Copy out each line below containing "White".

TASK MATERIAL below:

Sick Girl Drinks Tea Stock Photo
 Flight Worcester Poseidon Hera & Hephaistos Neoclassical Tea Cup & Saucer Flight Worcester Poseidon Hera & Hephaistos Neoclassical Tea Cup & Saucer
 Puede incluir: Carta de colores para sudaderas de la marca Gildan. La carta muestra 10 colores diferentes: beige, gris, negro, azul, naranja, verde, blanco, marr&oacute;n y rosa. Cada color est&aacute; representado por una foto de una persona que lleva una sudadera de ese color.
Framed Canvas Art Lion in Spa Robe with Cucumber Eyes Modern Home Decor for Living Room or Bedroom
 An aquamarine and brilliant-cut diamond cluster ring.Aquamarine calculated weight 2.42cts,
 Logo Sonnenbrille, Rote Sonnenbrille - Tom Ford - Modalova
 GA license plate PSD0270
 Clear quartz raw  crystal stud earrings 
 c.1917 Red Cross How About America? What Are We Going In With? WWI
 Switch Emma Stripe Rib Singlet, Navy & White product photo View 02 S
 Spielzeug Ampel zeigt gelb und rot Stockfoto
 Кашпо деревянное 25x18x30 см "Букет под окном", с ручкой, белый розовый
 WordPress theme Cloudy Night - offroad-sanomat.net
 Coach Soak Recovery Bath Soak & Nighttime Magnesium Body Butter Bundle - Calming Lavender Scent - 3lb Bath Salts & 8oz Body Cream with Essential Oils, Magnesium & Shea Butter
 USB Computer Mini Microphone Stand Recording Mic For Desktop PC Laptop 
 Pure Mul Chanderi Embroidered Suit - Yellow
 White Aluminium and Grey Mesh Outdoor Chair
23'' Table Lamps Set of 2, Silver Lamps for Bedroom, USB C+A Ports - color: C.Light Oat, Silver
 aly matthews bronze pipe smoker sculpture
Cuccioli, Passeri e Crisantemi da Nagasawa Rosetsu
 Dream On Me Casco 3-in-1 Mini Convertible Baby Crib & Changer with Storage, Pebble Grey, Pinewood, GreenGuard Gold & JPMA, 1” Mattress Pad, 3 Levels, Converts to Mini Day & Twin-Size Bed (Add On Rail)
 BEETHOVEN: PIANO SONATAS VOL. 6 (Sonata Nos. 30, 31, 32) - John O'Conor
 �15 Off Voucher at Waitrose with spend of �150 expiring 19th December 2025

End of TASK MATERIAL.

_ANSWER TO THIS PROBLEM:_
 Switch Emma Stripe Rib Singlet, Navy & White product photo View 02 S
 White Aluminium and Grey Mesh Outdoor Chair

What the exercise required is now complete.